There is a PWM available in KiCad/ngspice as a code model. It has been used in several of my examples at More simulation examples for KiCad/Eeschema/ngspice, for example in the Regulated boost converter or the Digital PWM amplifier.
ngspice supports direct simulation of digital Verilog blocks, which have been compiled with Verilator (see Ngspice, the open source Spice circuit simulator - Special features). This feature has not yet been used in conjunction with KiCad, but I don’t see any roadblocks.
Holger, thank you for your great work on ngspice. With Kicad as UI it becomes really user friendly.
Is there any chance, that you could do a tutorial on verliog / c integration in kicad?
I would like verify my power supply topologies with ngspice.
The boost converter examples are nice for basic tests. But i would like to simulate later my real control loop, that i would write in the best possible case in c.
By the way, I woun’t mind to write the pwm duty cycle generator in c.
The PWM generator is written in C (code model using XSPICE macros, see ngspice / ngspice / [902a62] /src/xspice/icm/digital/d_pwm). The cmpp processor then creates a plain C file, which is compiled together with ngspice and saved in the shared library digital.cm.
The Verilog interface d_cosim and the C interface d_process support only digital data transfer.
You may write your complete system as code model blocks in ngspice (analog, digital, mixed signal). These may be put into subcircuit models (individually or already connected as a complex model), loaded by KiCad/ngspice to provide system simulation.

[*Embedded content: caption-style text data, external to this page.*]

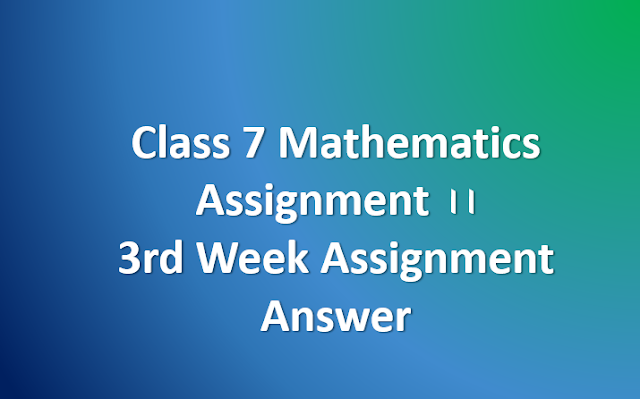 Class 7 Mathematics Assignment ।। 3rd Week Assignment Answer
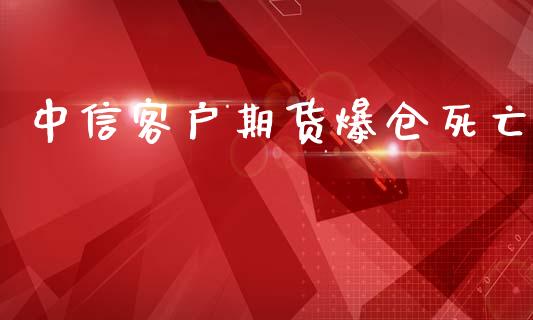 中信客户期货爆仓死亡_https://wap.qdlswl.com_证券新闻_第1张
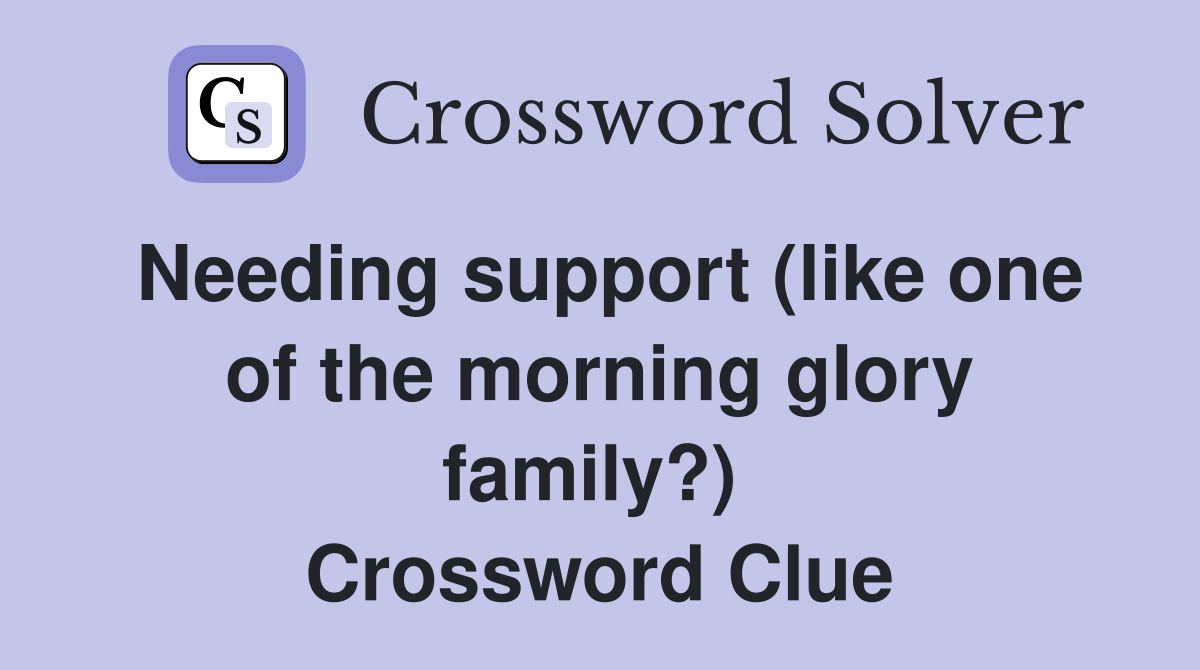 Needing support (like one of the morning glory family?)  Crossword Clue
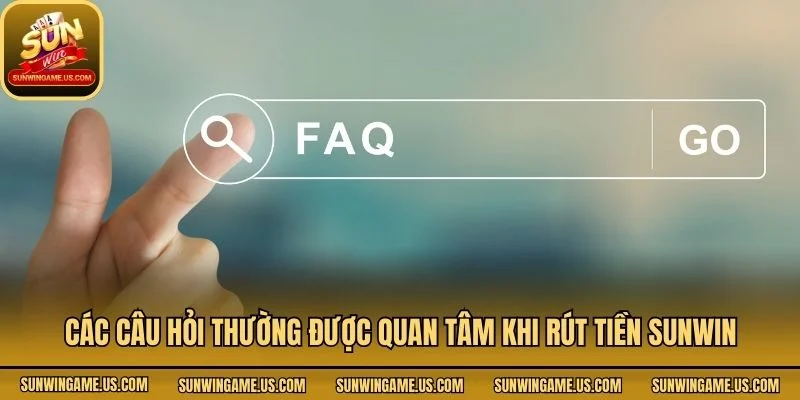 Các câu hỏi thường được quan tâm khi rút tiền Sunwin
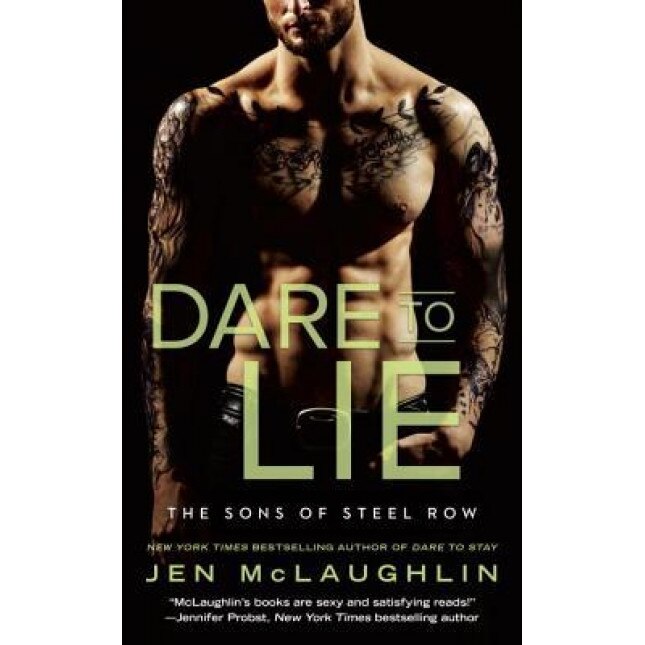Dare to Lie, Jen McLaughlin (Author)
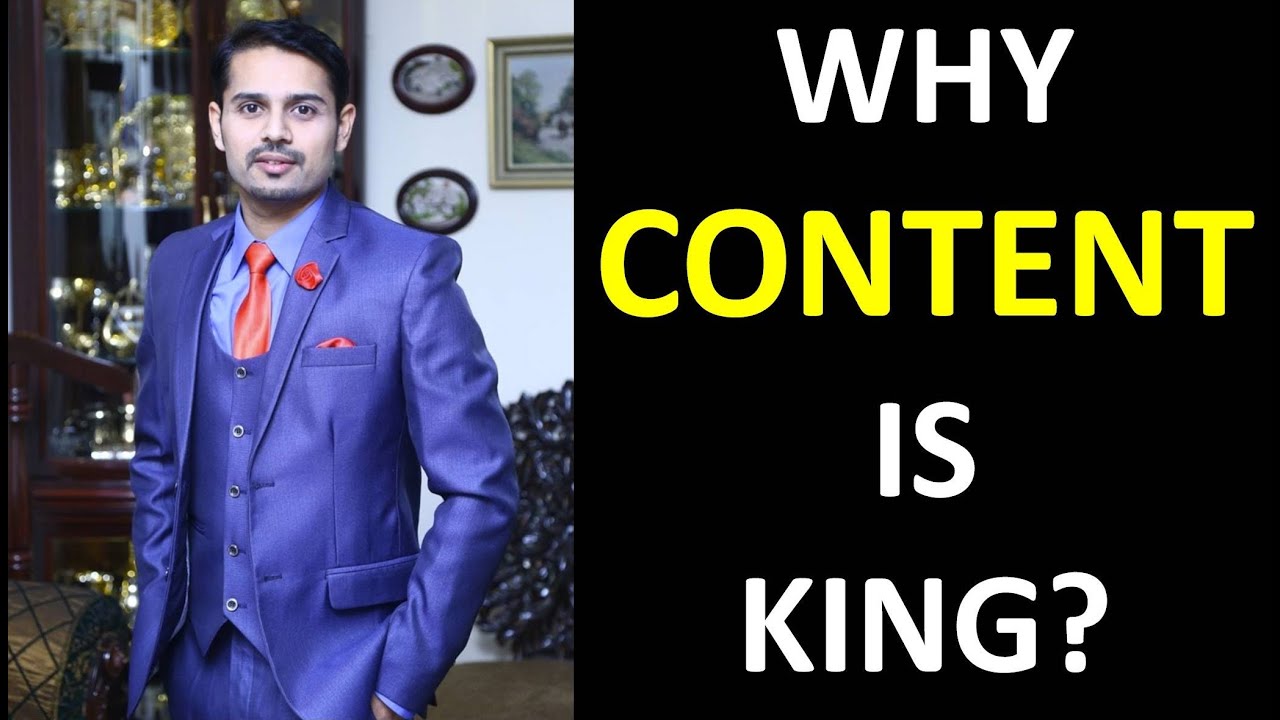 Why Content is King? What's the Importance of Content in SEO, Digital Marketing & Online Business?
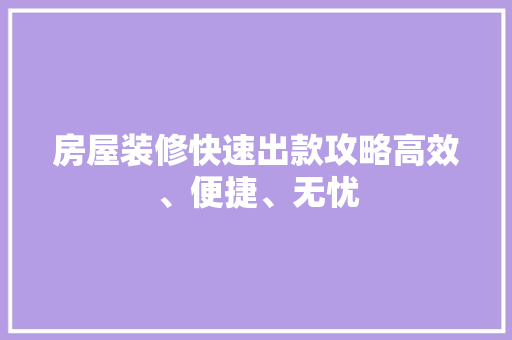 房屋装修快速出款攻略高效、便捷、无忧
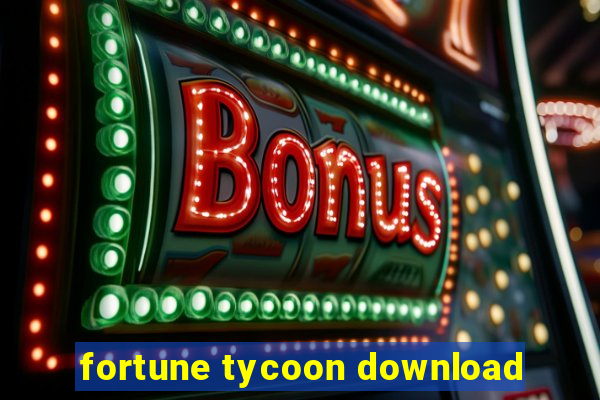 fortune tycoon download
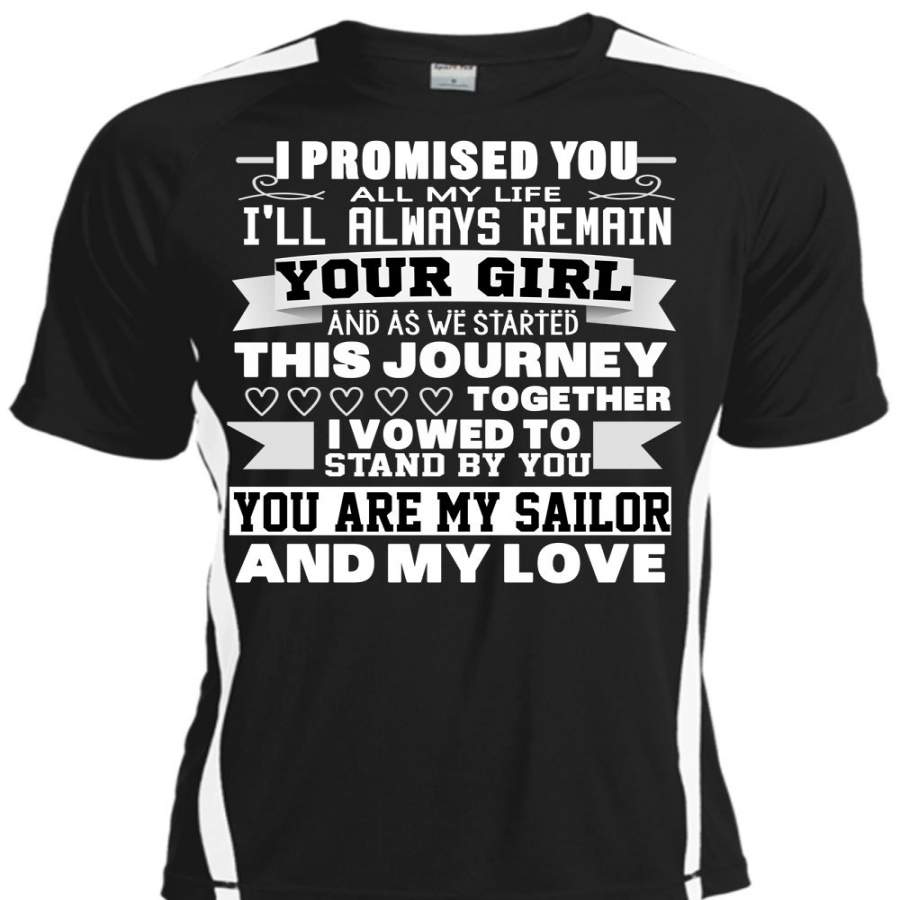 You Are My Sailor T Shirt, I Promised You T Shirt, Cool Shirt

The only deficit of this approach that I am aware of is that code models (currently) do not support small signal noise simulation (which is difficult to use in a mixed signal environment anyway).
Generate the new code model and add it to an existing code model library, e.g. xtradev. See ngspice manual chpater 26.3, and Ngspice, the open source Spice circuit simulator - XSPICE HowTo . The existing code models (we have already 70) may serve as examples.
Create a simple test bench (ngspice netlist) to check your development.
Replace the KiCad xtradev.cm with the newly generated extradev.cm which includes the new code model.
Create an Eeschema symbol.
Put the new code model into a ngspice subcircuit and attach it to the symbol.